Minoo abre el bolsillo exterior de la mochila y saca el collar. Puede notar los restos de la potente magia que se ha canalizado a través del colgante. Siente un cosquilleo entre los dedos.
—¿Has visto algo parecido a esto antes? —le pregunta.
Gustaf mira el collar, se levanta y va hasta su escritorio.
Se da la vuelta y le enseña a Minoo una caja negra.
—Ábrela.
Minoo abre la tapa con cuidado. En una almohadilla recubierta de terciopelo negro hay un collar idéntico al que llevaba Diana.
—Me lo dieron ayer —dice Gustaf—. Después de que me volvieran a aceptar como miembro de EP. Rickard está considerando la posibilidad de permitir que forme parte del núcleo.
Minoo toca el signo de metal. No percibe en él ningún tipo de magia, pero seguramente tengan que activar el amuleto.
Vuelve a cerrar la caja.
—Es la entrada para la fiesta de primavera de mañana en el instituto.
—¿Y todos los miembros de EP tienen uno igual?
—Solo los que van al instituto. Y los profesores. EP repartió los collares la semana pasada, pero Rickard lo tiene desde el verano.
Minoo se queda petrificada.
—¿Rickard?
—Sí. Se lo he visto en los entrenamientos de fútbol.
Rickard, que fue el que empezó a hablar de EP en el instituto. Rickard, que no destacaba en nada el año anterior y de repente se convirtió en un líder. Lo deben de estar manipulando, igual que a Diana.
—¿Y Rickard es el único al que habías visto antes con un collar así? —dice Minoo.
—La verdad es que yo no se lo he visto a nadie más —dice Gustaf.
—Y ahora se lo han dado a todo el mundo, ¿no? A todos los que van a ir a la fiesta de mañana, ¿verdad?
—Sí. ¿Por qué te interesan tanto estos collares?
Si pudiera contárselo…
—¿Pero qué es lo que van a hacer en esa fiesta?

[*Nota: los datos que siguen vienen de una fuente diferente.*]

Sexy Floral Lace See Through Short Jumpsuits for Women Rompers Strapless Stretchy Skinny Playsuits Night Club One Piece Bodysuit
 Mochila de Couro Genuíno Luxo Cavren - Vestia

—Pues es solo una fiesta —dice Gustaf—. Comida y baile, supongo. También van a elegir al joven positivo del año. Y a celebrar el equinoccio de primavera, porque nos esperan días más luminosos.
Todo eso parece tan inocente, y ella no puede contarle el peligro que entraña en realidad. Ni siquiera ella lo sabe.
—Por favor, no vayas.
—Tengo que ir. Si no, jamás entraré en el núcleo de la organización. Ahí es donde está toda la información importante.
—Son más peligrosos de lo que crees —dice Minoo.
Guarda silencio. ¿Por qué nunca puede decirle a Gustaf lo que de verdad le importa saber?
—Por eso no puedo quedarme mirando —dice Gustaf—. Tú misma has dicho que uno no puede esconderse sin más.
Minoo comprende que no va a conseguir que cambie de idea.
—Sé que suena raro, pero por lo menos prométeme que no te vas a poner ese collar.
La mira dubitativo.
—Vale. Si es importante para ti…
Se quedan callados. Minoo cae en que están sentados muy juntos el uno del otro en la cama. Siente el calor de su cuerpo. Tienen las manos muy cerca sobre la colcha, tan cerca que casi se rozan.
Y de pronto, sin avisar, le da la mano.
Una sensación muy familiar le recorre a Minoo todo el cuerpo. Las muñecas le cosquillean y los brazos se le quedan sin fuerzas. Nota el calor en las mejillas y ni se atreve a mirar a Gustaf. Debe de tener la mano flácida, como una medusa muerta y pegajosa. Pero él la retiene. Un buen rato. Ella quiere que acabe; y quiere que no acabe nunca.
Aparta la mano. Trata de comprender lo que siente. Pero las palabras se le antojan muy peligrosas. Demasiado peligrosas. No se atreve ni siquiera a pensarlas.
—Tengo que irme a casa —dice poniéndose de pie.
—Perdona si he… —empieza a decir Gustaf.
—No —lo interrumpe, y la sangre le zumba en los oídos—. Quiero decir, que no es eso… Es que… Me tengo que ir.